他身着古拙长袍,样式奇古,非今非昔,面容隐在光影之后看不真切,惟有一双眼睛,锐利如穿透万古时空的冷电,带着一种审视万物的漠然与…一丝难以言喻的惊疑!
虚影的目光,无视了激战的众人,无视了闪耀的武库核心,更无视了手握令牌、意图不轨的林风。
那两道冰冷锐利的视线,如同实质的锁链,先死死钉在濒死的郗娅身上,似乎要洞穿她衰朽的躯壳,直刺血脉深处。紧接着,那目光猛地转向地上口鼻溢血、挣扎欲起的任玄!
目光在任玄与郗娅之间,急速轮转!
一种源自血脉本源的、无形的共鸣,在这诡异的注视下,仿佛被强行从沉睡中唤醒!
任玄只觉得心脏猛地一缩,一股源自骨髓深处的悸动和难以言喻的悲怆轰然炸开,竟让他暂时忘却了周身剧痛,茫然抬头,迎向那虚影的目光!
郗娅浑浊的眼底,那丝微弱的光似乎也剧烈跳动了一下,枯唇无声地翕动。
整个武库石殿,时间仿佛在这一刻凝固。
激战暂停,杀机犹在。铜人独眼猩红闪烁,赵嫣寒罡流转,林风手握令牌蓄势待发,苏梦瑶与红月弟子剑拔弩张。
一切的焦点,都汇聚在那道自铜人核心浮现的诡异虚影,和他那穿透血肉、死死锁定任玄与郗娅的冰冷目光之上。
这目光,在探究什么?
这血脉的悸动,又昭示着何等被岁月掩埋的滔天隐秘?
武库核心光晕中的同源图景,在这虚影的注视下,似乎也蒙上了一层更深的、血色弥漫的疑云…
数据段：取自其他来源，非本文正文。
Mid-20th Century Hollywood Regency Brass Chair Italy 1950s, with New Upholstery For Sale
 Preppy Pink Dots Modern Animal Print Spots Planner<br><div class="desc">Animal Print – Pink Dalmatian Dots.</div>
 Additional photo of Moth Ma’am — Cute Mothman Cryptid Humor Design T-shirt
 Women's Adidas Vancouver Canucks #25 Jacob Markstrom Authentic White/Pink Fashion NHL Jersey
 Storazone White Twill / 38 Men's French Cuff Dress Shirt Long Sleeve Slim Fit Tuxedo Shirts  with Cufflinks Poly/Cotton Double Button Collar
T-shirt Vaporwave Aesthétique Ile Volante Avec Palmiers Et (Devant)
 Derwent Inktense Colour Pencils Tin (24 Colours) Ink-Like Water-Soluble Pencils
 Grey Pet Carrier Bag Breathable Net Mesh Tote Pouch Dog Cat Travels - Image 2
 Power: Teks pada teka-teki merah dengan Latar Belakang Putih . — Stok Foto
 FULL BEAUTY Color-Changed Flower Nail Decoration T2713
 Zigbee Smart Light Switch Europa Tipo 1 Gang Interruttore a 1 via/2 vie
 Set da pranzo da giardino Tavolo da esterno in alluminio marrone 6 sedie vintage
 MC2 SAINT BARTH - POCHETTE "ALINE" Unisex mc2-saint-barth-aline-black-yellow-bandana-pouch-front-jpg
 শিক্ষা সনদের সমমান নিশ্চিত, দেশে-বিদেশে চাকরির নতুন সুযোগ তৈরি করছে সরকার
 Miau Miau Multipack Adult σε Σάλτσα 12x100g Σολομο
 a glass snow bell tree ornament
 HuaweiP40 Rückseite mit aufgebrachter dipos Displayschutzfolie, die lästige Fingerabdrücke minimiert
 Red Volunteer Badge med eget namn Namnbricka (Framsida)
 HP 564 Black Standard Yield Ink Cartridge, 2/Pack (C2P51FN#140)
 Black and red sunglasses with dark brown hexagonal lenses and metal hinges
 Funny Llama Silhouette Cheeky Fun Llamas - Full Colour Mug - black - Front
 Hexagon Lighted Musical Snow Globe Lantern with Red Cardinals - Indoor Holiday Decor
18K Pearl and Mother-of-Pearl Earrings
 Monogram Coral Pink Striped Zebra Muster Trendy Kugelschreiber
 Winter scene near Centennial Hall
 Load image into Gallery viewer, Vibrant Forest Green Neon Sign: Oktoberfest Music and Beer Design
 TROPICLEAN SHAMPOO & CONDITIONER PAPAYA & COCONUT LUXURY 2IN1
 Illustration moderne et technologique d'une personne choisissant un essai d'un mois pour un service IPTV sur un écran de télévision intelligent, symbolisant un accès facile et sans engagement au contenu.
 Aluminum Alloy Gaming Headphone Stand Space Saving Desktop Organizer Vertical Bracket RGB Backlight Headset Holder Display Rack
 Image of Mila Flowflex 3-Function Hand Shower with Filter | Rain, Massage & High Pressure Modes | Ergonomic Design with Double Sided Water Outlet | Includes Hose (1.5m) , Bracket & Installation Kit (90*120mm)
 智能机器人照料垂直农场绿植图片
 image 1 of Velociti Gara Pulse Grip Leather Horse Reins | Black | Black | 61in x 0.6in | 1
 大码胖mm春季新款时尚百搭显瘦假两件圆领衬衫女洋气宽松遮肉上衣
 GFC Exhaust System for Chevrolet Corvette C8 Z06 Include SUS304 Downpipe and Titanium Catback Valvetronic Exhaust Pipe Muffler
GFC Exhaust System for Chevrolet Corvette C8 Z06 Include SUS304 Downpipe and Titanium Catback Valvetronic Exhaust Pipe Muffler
沉重的身躯爆发出与其体型不符的迅猛!巨斧撕裂空气,带着刺耳的呼啸,分作两路!
一路六尊,猩红独眼死死盯着郗娅方向,巨斧高举,如黑色山岳般碾压过来!
另一路六尊,则直扑赵嫣布下的寒罡屏障,巨斧抡圆,狠狠劈下!
“挡住!”
任玄目眦欲裂,强忍周身欲裂的剧痛,体内那桀骜难驯的残存真气疯狂注入断矛!
矛身嗡鸣震颤,灰白剑气再次暴涨,竟隐隐凝聚成一杆虚幻、却透着无尽镇压之意的巨大战枪虚影——镇狱枪意!
“破!”
他喉间爆出嘶哑怒吼,不退反进,拖着濒临崩溃的身躯,迎着碾压而来的六尊铜人,一矛刺出!
枪影如龙,带着一股崩山裂狱、镇压八荒的惨烈气势!
“轰!”
当先一尊铜人巨大的开山斧与灰白枪影轰然对撞!气浪如狂潮炸开!铜人庞大的身躯竟被这一枪蕴含的恐怖力量震得踉跄后退,沉重的金属脚掌在地面犁出深深沟壑!胸前那厚重的金属甲胄上,赫然出现一个深深的凹陷!
“呃啊!”
任玄亦如断线风筝般倒飞而回,口中鲜血狂喷,断矛脱手飞出,整个人重重砸在冰冷的石地上,眼前阵阵发黑,只觉全身骨骼都欲散架,丹田如被烈火焚烧、寒冰冻结,毒煞彻底失控,疯狂肆虐!
“玄哥哥!”
苏梦瑶悲呼,红绫暴涨,如灵蛇般卷住倒飞的任玄,将他拉回弟子组成的防御圈内。
红月弟子们早已红了眼,长剑组成剑阵,死死抵住剩余五尊铜人狂暴的劈砍,金铁交鸣声不绝于耳,火星四溅,每一次撞击都有人吐血倒飞,防线摇摇欲坠!
另一边,六尊铜人巨斧轮番劈砍在赵嫣布下的“灵雪寒罡”之上!
“嘭!嘭!嘭!”
冰屑纷飞!
那凝练的冰蓝罡气屏障剧烈震颤,光芒急速黯淡!
赵嫣俏脸煞白如雪,嘴角一缕鲜血蜿蜒而下,持剑的玉手微微颤抖。
她不仅要维持寒罡,更要分神感知那武库核心的状态,心神损耗巨大。怀中那张拓片带来的冰寒悸动,如跗骨之蛆,不断侵蚀着她的意志。
就在寒罡屏障光芒黯淡到极致,即将破碎的刹那——
“嗤——!”
一声刺耳的锐响,并非来自铜人!
只见被红月弟子拼死护在中间、气若游丝的郗娅,枯槁染血的左手,竟再次爆发出骇人的力量!